[Web page caption snippets]
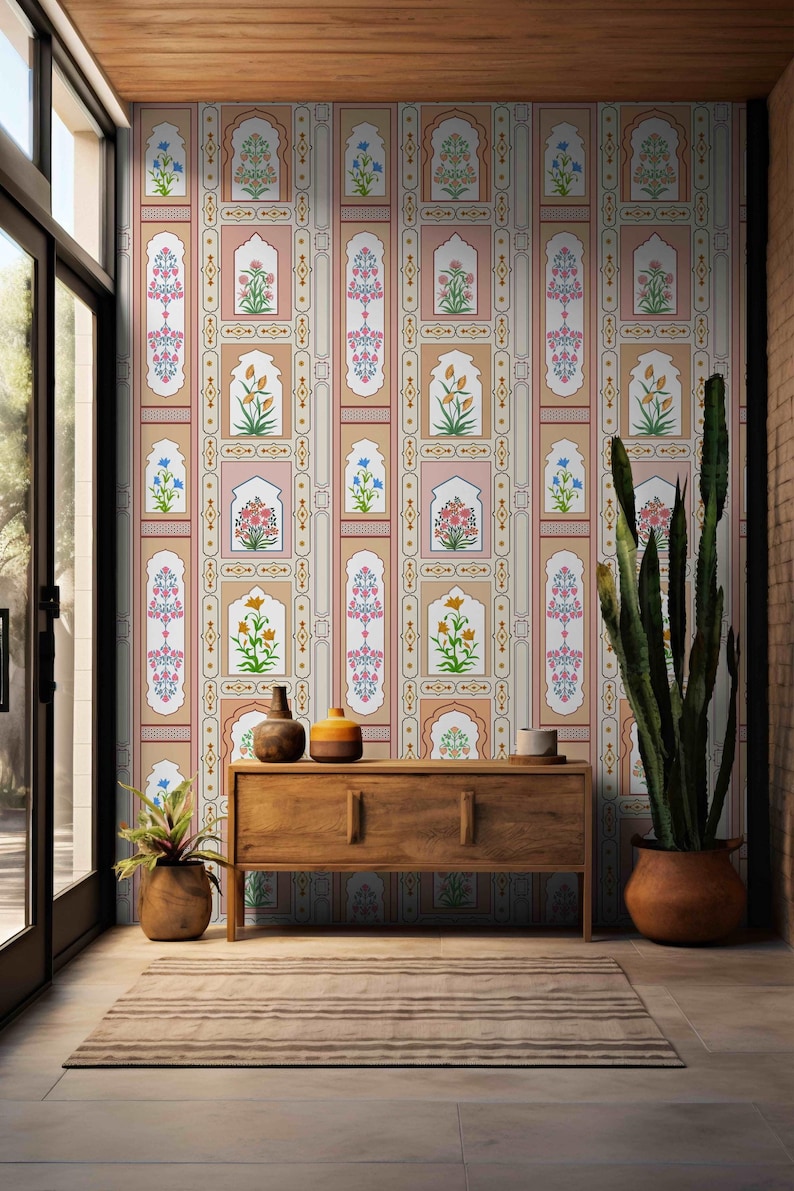 May include: A wooden console table with two drawers and a patterned wallpaper behind it. The wallpaper features a repeating design of floral motifs and arches in shades of pink, beige, and green. A potted cactus and a potted plant are on either side of the table.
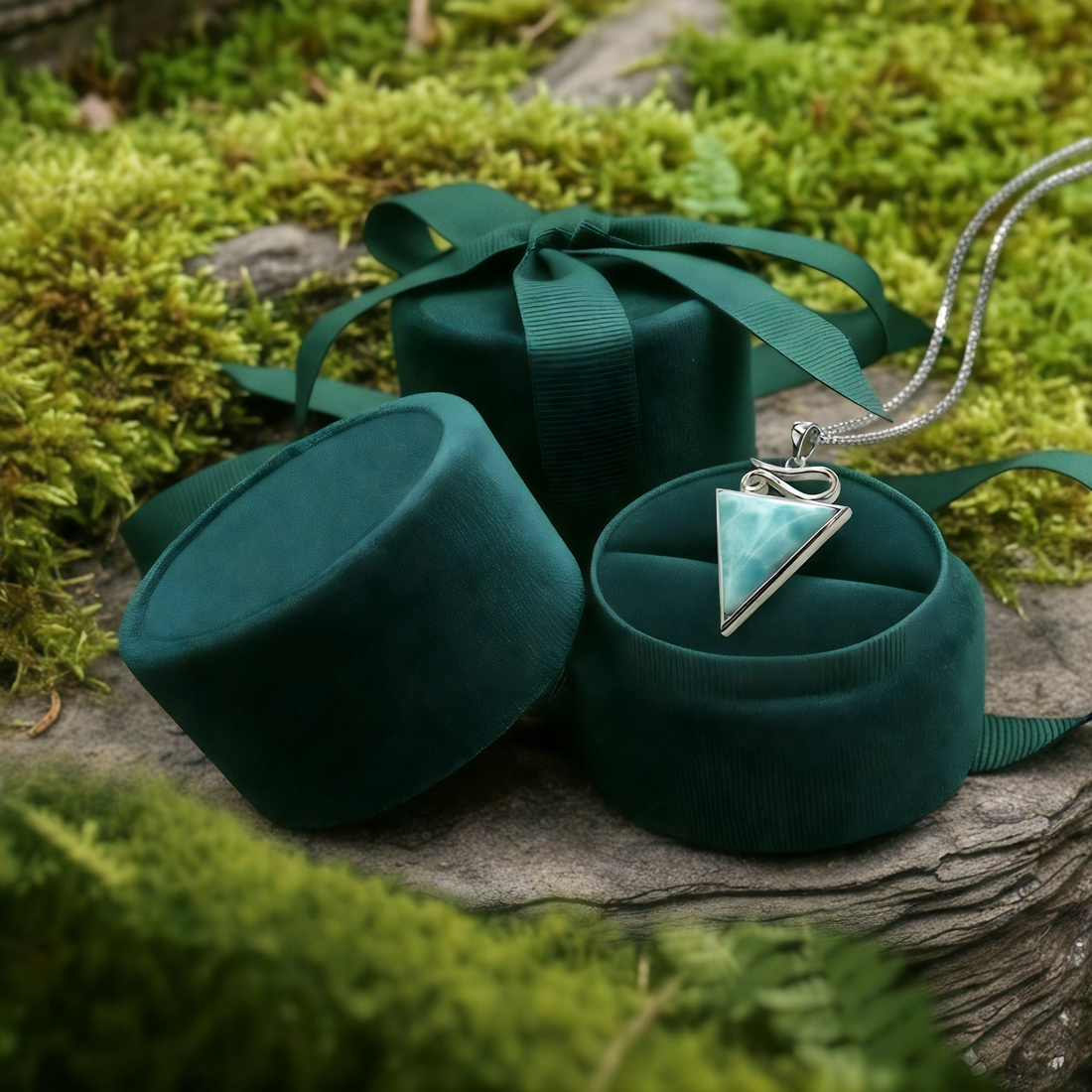 The Larimar pendant resting in an open round green velvet jewelry box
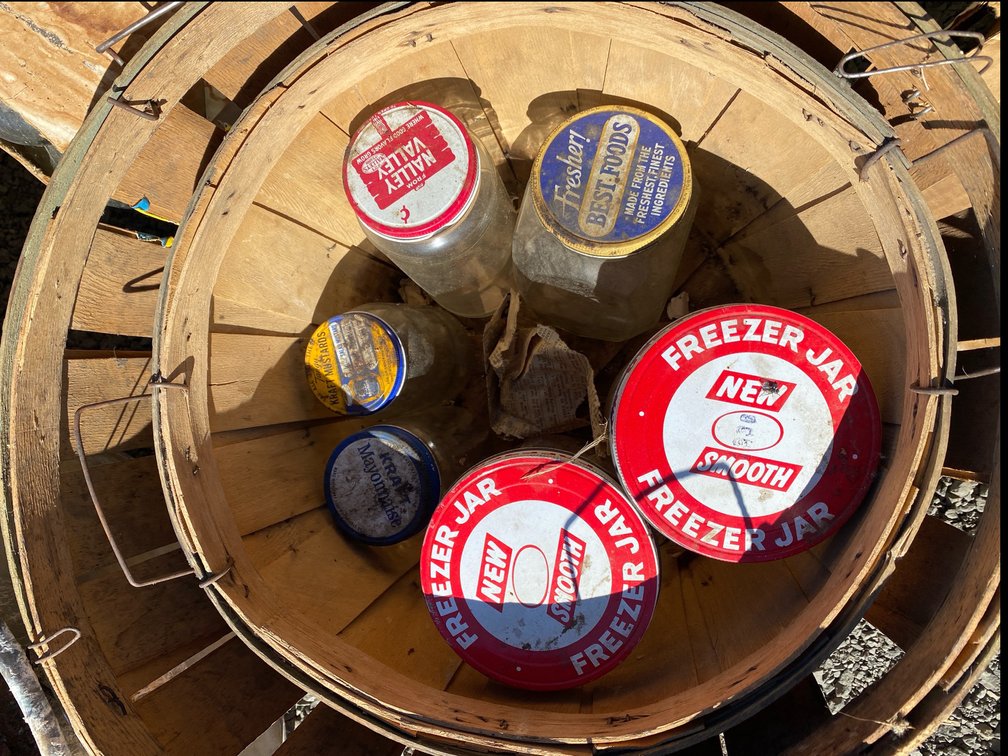Vintage Glass Food Jars with Metal Lids in Wooden Bushel Baskets
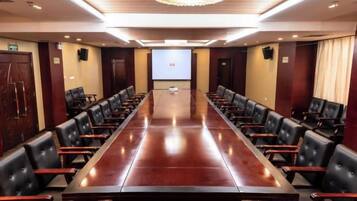 A conference room with a long table and chairs, a projector screen, and a chandelier.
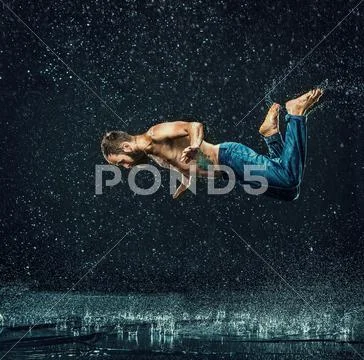 The male break dancer in water Stock Photos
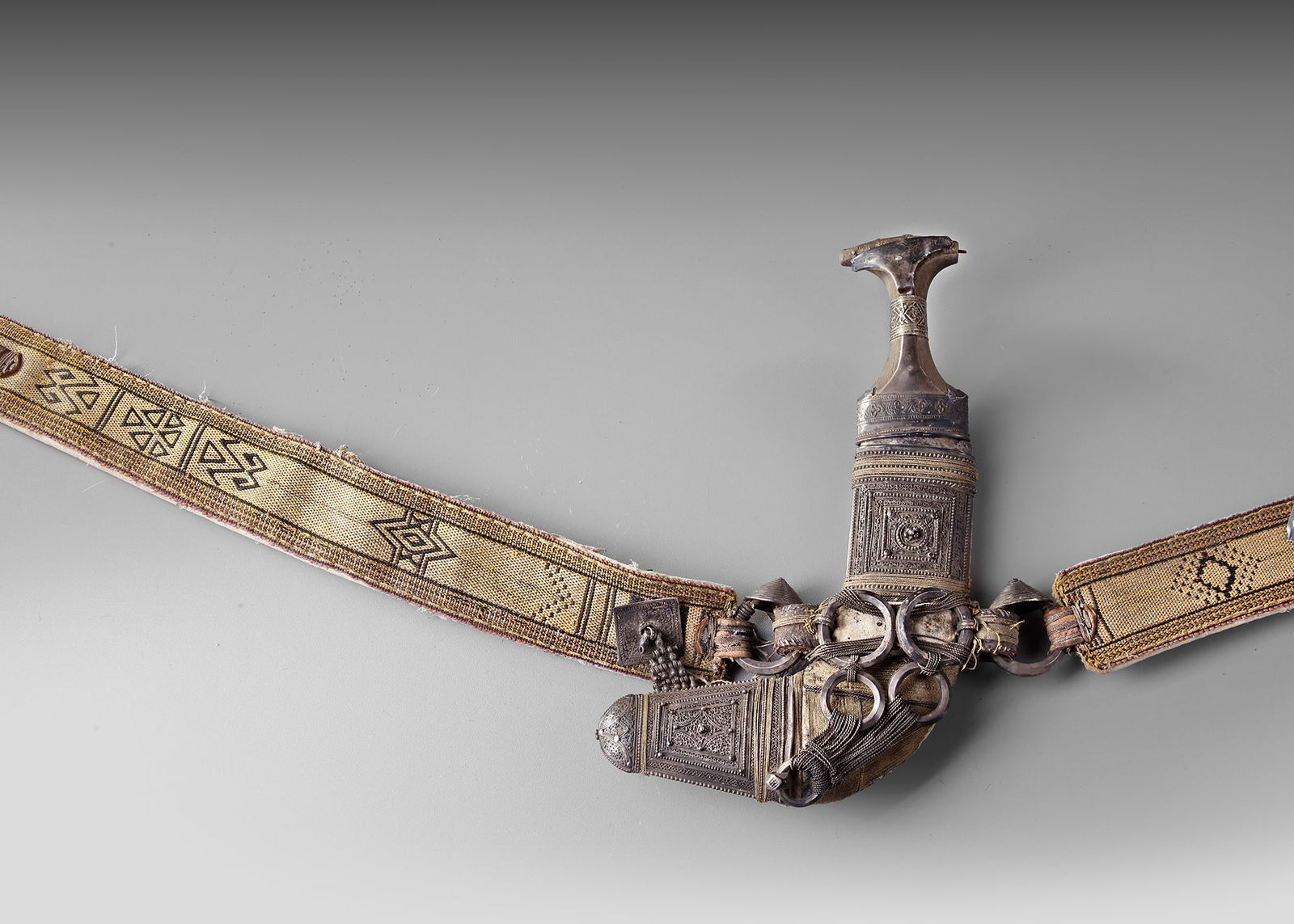 A FOUR-RINGED SILVER JAMBIYA, OMAN OR YEMEN  EARLY 20TH CENTURY (1 of 3)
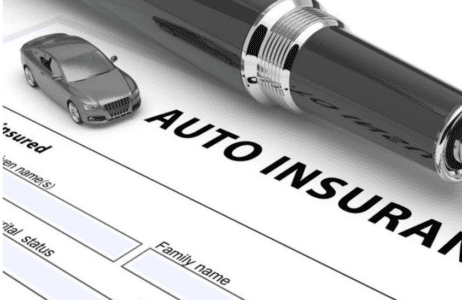 Close-up of an auto insurance form with a pen and a small car model placed on top, symbolizing vehicle coverage and policy documentation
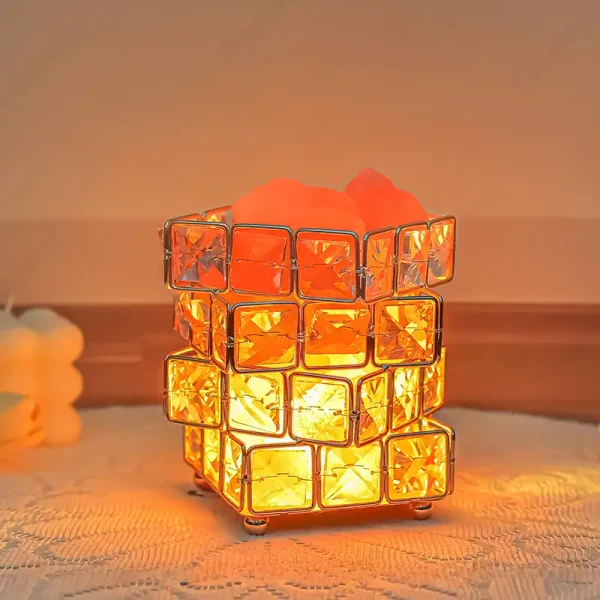 Luminária com estrutura de cubos de vidro laranja, iluminada por dentro, em ambiente acolhedor, com fundo neutro e superfície de madeira.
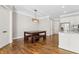 Open dining area with a rustic wooden table and bench seating next to the kitchen at 565 Stone Field Nw Run, Marietta, GA 30060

> [WORK TO BE COMPLETED] Write out exactly the lines above between the one with "The male break dancer in water Stock Photos" and the one with "Close-up of an", inclusive, with pictures left out.

> [SOLUTION TO THIS PROBLEM]
 The male break dancer in water Stock Photos
 A FOUR-RINGED SILVER JAMBIYA, OMAN OR YEMEN  EARLY 20TH CENTURY (1 of 3)
 Close-up of an auto insurance form with a pen and a small car model placed on top, symbolizing vehicle coverage and policy documentation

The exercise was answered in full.